Lawmakers in Taiwan’s legislature scuffled Tuesday over the nomination of Chen Chu, a former Kaohsiung mayor and top advisor to President Tsai Ing-wen, to head the Control Yuan, an oversight board that the administration has long wished to eliminate.
Legislators from the opposition Kuomintang (KMT) occupied the Legislative Yuan Tuesday morning while others laid outside on a driveway to block Chen from entering and thus delay the nomination proceedings.
KMT legislators then clashed with lawmakers from the Democratic Progressive Party (DPP) as they tried to enter through a back door while Chen was escorted by police through a side door, only for KMT members to take down the speaker’s podium in the chamber.
Chen left the legislature at around 11:30 a.m. after realizing she would not be able to stand for a review of her nomination as planned, and later posted the report she had planned to deliver on Facebook.
It’s the second time in the past two weeks KMT lawmakers have stormed the legislature and scuffled with DPP members to prevent a confirmation vote of Chen, who is expected to be easily nominated as the DPP holds a legislative majority.
The KMT has alleged Chen will not be impartial as she is a DPP member and a former aide to Tsai. As mayor of Kaohsiung, members of her administration were impeached by the Control Yuan, although Chen herself has never been credibly accused of any wrongdoing.
DPP lawmakers have accused the KMT of subverting the democratic process, especially after the KMT suspended the party membership of former Taitung County magistrate Justin Huang after he was nominated by Tsai as vice president of the Control Yuan.
Chen has long been a prominent figure in Taiwanese politics. In 1979, she was one of the “Kaohsiung Eight” dissidents arrested during pro-democracy demonstrations against martial rule in a crackdown on political opposition.

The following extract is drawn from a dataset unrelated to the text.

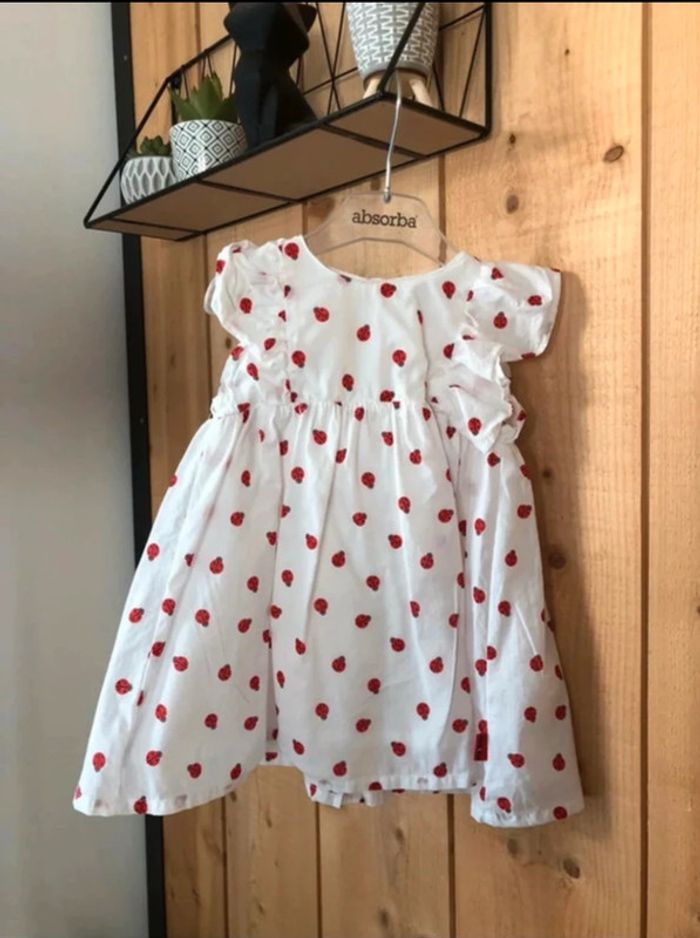 Lot de 5 robes 9 mois - photo numéro 6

Should Chen be nominated, Tsai plans to make her the first chief of a newly established human rights commission. Other nominees for the Control Yuan and the new commission have backgrounds in women’s rights, Indigenous advocacy, and transitional justice – a longtime sore spot for the KMT, which has resisted DPP efforts to directly confront Taiwan’s decades-long period of martial law.
Tuesday’s brawl came as a broad political consensus grows to eliminate the Control Yuan and the Examination Yuan, another of Taiwan’s five branches of government, instead folding their powers into those of the legislature, amid longtime accusations that their members are not truly independent from the government officials they seek to watch over.
But the DPP and KMT disagree on how to do it. In the past, parties have appeared less inclined to push for the required constitutional amendment to abolish the two bodies while they are in power.
Members of the KMT and the Taiwan People’s Party (TPP), a new party founded last year by Taipei Mayor Ko Wen-je, chanted “Abolish the Control Yuan!” during Tuesday’s occupation. But the KMT criticism stems from their view of Chen as a patronage appointment, with a possible eye on her future role as chair of Taiwan’s new human rights commission.
The recent scuffles also saw the return of what was once an internationally known tradition in Taiwan: brawls in the legislature over controversial votes on bills or appointments.
In lieu of a filibuster or another legislative mechanism to freeze a vote, opposition parties have in the past used violence to stop votes on laws or confirmations, with the KMT resorting to the tactic several times since the DPP gained a legislative majority in 2016.
Tuesday’s tussle led to several injuries, as Alex Fai, a KMT legislator, cut his wrist on a sheet of glass that had been broken in one of the doors to the chamber.
DPP legislator Wang Ting-yu was tackled by KMT lawmaker Hung Mong-kai and, showing visible bruises and scrapes, later accused two assistants of KMT legislator Lin Wei-chou of attacking him.
Lin later said the situation made physical contact inevitable and urged the public not to scrutinize it.
But the two KMT-instigated confrontations have further sullied the party’s image to rebrand itself and connect with disaffected young voters after its drubbing in January’s presidential and legislative elections.
Johnny Chiang, the new party chairman, had pledged during his candidacy to reach out to young voters and reform the KMT. The brawls over Chen’s nomination, however, have come across to the public as more of the same.